No. 25 – Maccabi Ramat Gan
- Position: Forward
- League: Israeli Basketball Premier League

Personal information
- Born: July 9, 1996 (age 30) Los Angeles, California, U.S.
- Listed height: 6 ft 6 in (1.98 m)
- Listed weight: 220 lb (100 kg)

Career information
- High school: Springbrook (Silver Spring, Maryland)
- College: Gannon (2014–2016); Le Moyne (2016–2018);
- NBA draft: 2018: undrafted
- Playing career: 2019–present

Career history
- 2019–2020: Hapoel Tel Aviv
- 2020–2021: Bnei Herzliya
- →2021: Hapoel Galil Elyon
- 2021–2022: Hapoel Galil Elyon
- 2022–2023: Ironi Nahariya
- 2024: Hong Kong Eastern
- 2025: Hapoel Eilat
- 2025–present: Maccabi Ramat Gan

Career highlights
- Second-team All-Northeast-10 (2018); Northeast-10 tournament MVP (2018);

= Isaiah Eisendorf =

American-Israeli basketball player (born 1996)
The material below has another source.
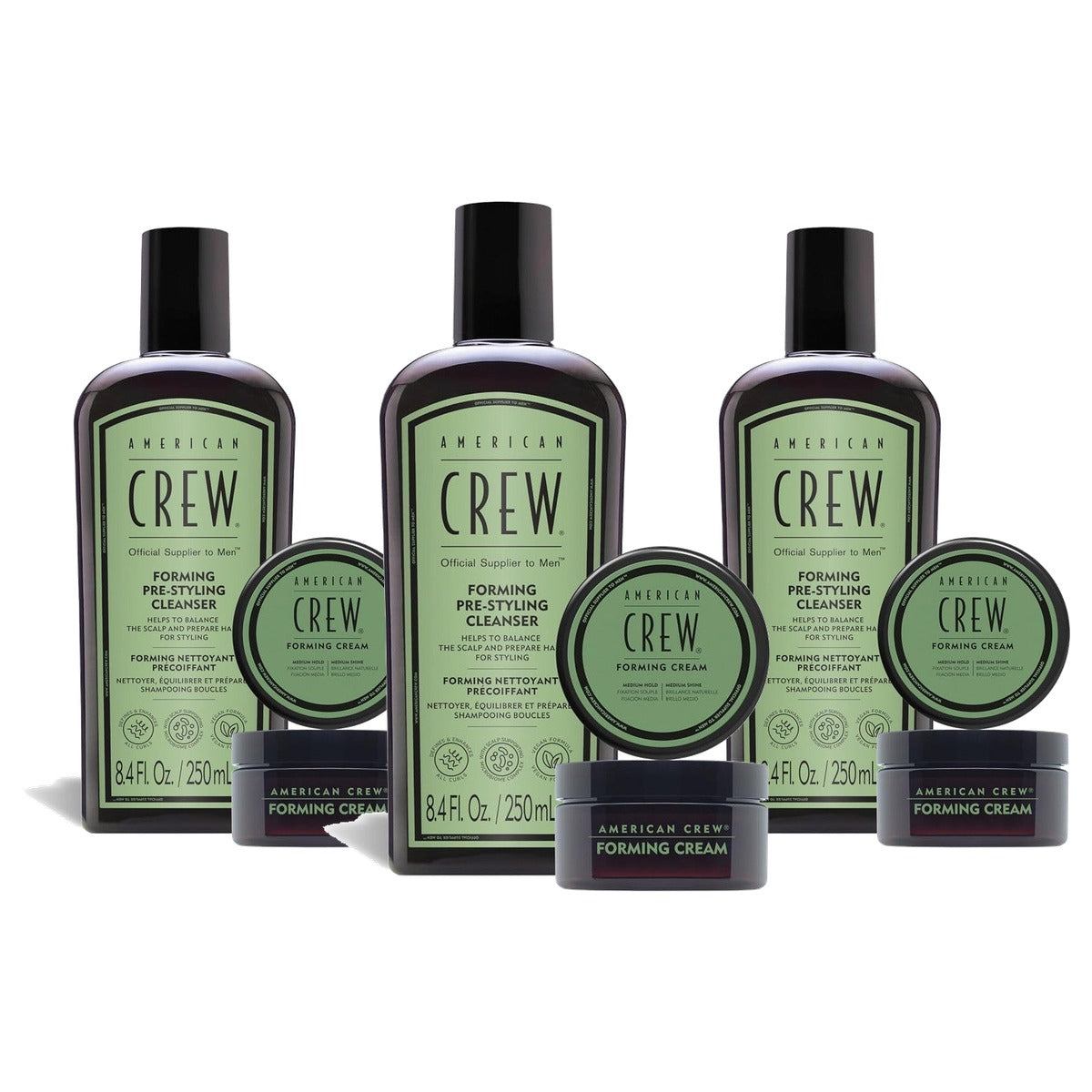 American Crew Forming Pre-Styling Shampoo 250 ml & Vormende Crème 50 g - 3-pack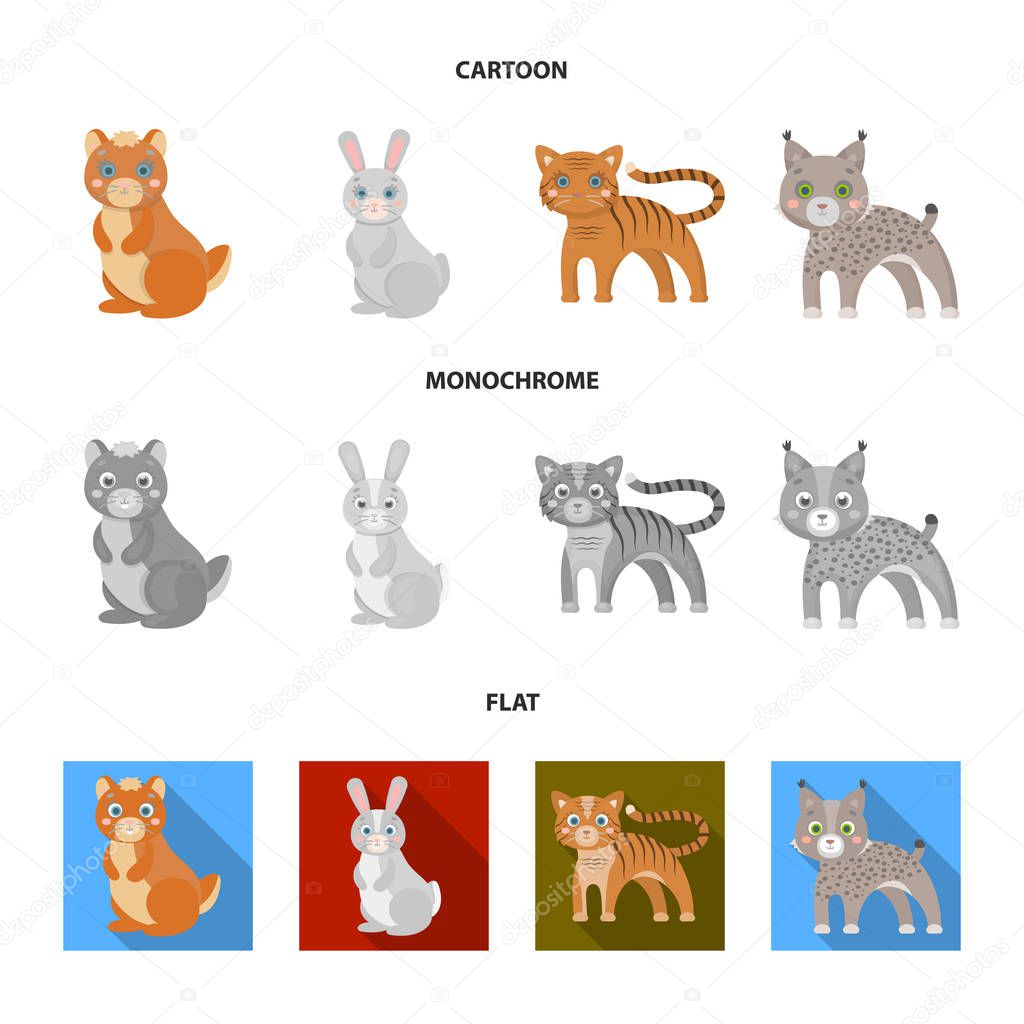 Animals, domestic, wild and other web icon in cartoon,flat,monochrome style. Zoo, toys, children, icons in set collection.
Isaiah Eisendorf (אייזאה אייזנדורף; born July 9, 1996) is an American-Israeli professional basketball player for Maccabi Ramat Gan of the Israeli Basketball Premier League. He previously played college basketball for the Gannon Golden Knights and Le Moyne Dolphins. Eisendorf plays the forward position.

==Early life==

Eisendorf is from Los Angeles, California, and is Jewish. He is 6 ft 6 in tall, and weighs 220 lb. He is the stepson of sportswriter Norman Chad.

He played high school basketball for Springbrook High School ('14) in Silver Spring, Maryland. As a senior Eisendorf was named all-county second-team and All-Met honorable-mention, as well as a Montgomery County All-Star. He also played high school football, as a wide receiver and defensive end.

==College==
Eisendorf attended Gannon University. He first played college basketball for the Gannon Golden Knights in 2014–16.

He then transferred and played college basketball at Le Moyne College ('18) for the Le Moyne Dolphins from 2016 to 2018. In 2018 Eisendorf was Northeast-10 Conference All-Tournament Team, Northeast-10 Tournament MVP, Northeast-10 All-Conference Second Team, and National Association of Basketball Coaches All-District East Second Team.

==Professional career==
Eisendorf played in the Israeli Basketball Premier League for Hapoel Tel Aviv in 2019–20, and has also played in the league for Bnei Herzliya Basket since 2020.

On April 11, 2021, he was loaned to Hapoel Galil Elyon. On July 16, 2021, he signed a contract and became a permanent player for Hapoel Galil Elyon.